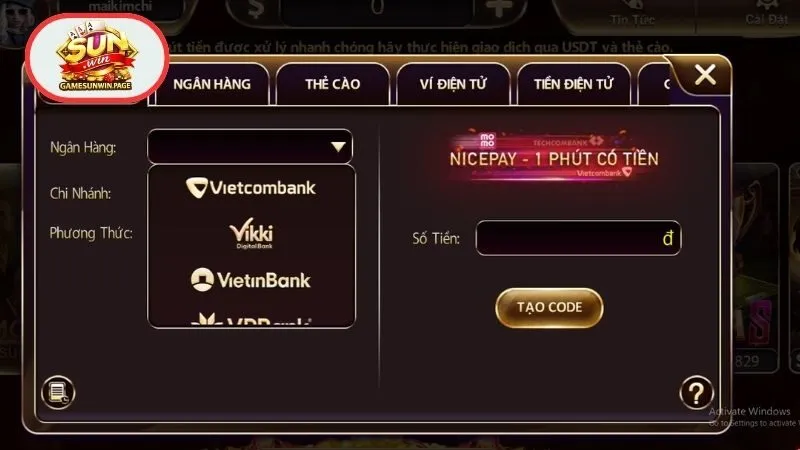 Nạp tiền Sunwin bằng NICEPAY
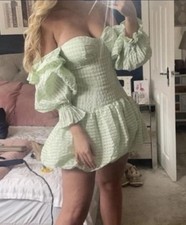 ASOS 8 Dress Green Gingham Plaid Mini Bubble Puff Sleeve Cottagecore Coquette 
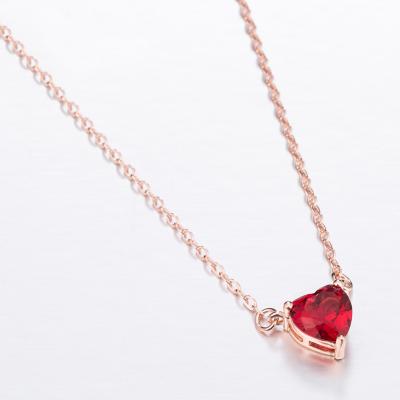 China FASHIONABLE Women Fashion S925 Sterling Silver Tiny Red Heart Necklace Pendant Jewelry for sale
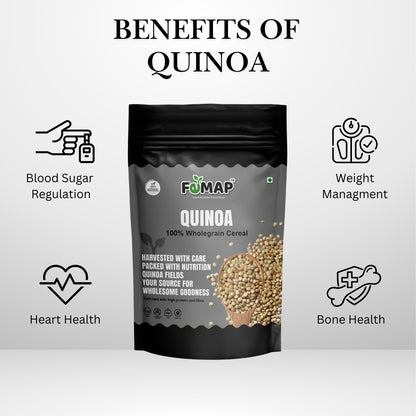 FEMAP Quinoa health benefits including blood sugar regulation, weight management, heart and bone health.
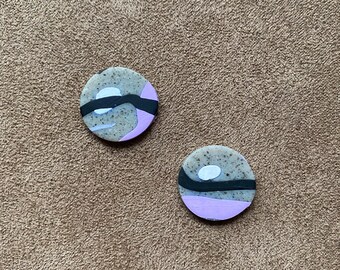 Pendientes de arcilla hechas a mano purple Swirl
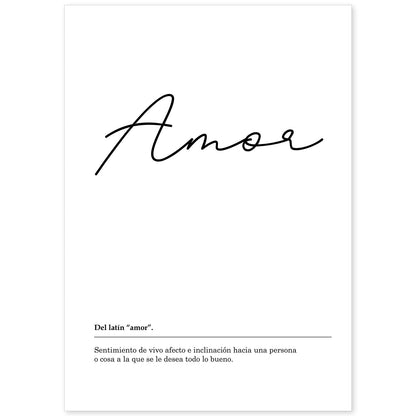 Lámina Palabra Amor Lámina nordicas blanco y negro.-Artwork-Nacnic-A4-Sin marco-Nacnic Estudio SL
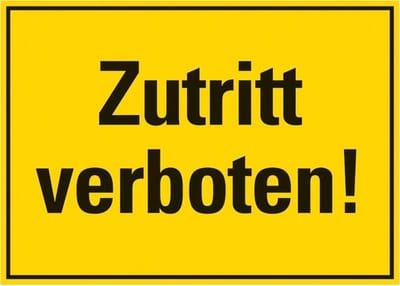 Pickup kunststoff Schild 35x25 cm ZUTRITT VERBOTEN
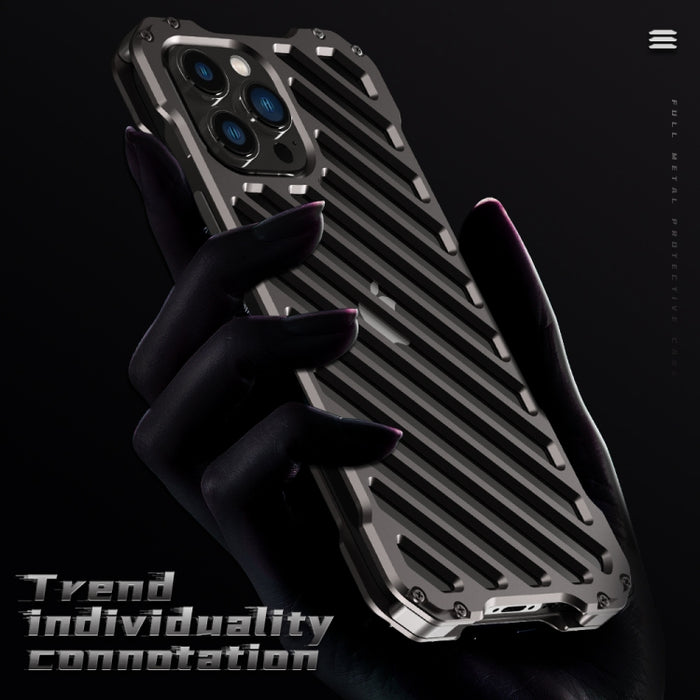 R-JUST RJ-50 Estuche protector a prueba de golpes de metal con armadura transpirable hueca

__WORK TO COMPLETE__:
Word for word, return the records shown above without their pictures.

__WRITTEN ANSWER__:
 Nạp tiền Sunwin bằng NICEPAY
 ASOS 8 Dress Green Gingham Plaid Mini Bubble Puff Sleeve Cottagecore Coquette 
 China FASHIONABLE Women Fashion S925 Sterling Silver Tiny Red Heart Necklace Pendant Jewelry for sale
 FEMAP Quinoa health benefits including blood sugar regulation, weight management, heart and bone health.
 Pendientes de arcilla hechas a mano purple Swirl
 Lámina Palabra Amor Lámina nordicas blanco y negro.-Artwork-Nacnic-A4-Sin marco-Nacnic Estudio SL
 Pickup kunststoff Schild 35x25 cm ZUTRITT VERBOTEN
 R-JUST RJ-50 Estuche protector a prueba de golpes de metal con armadura transpirable hueca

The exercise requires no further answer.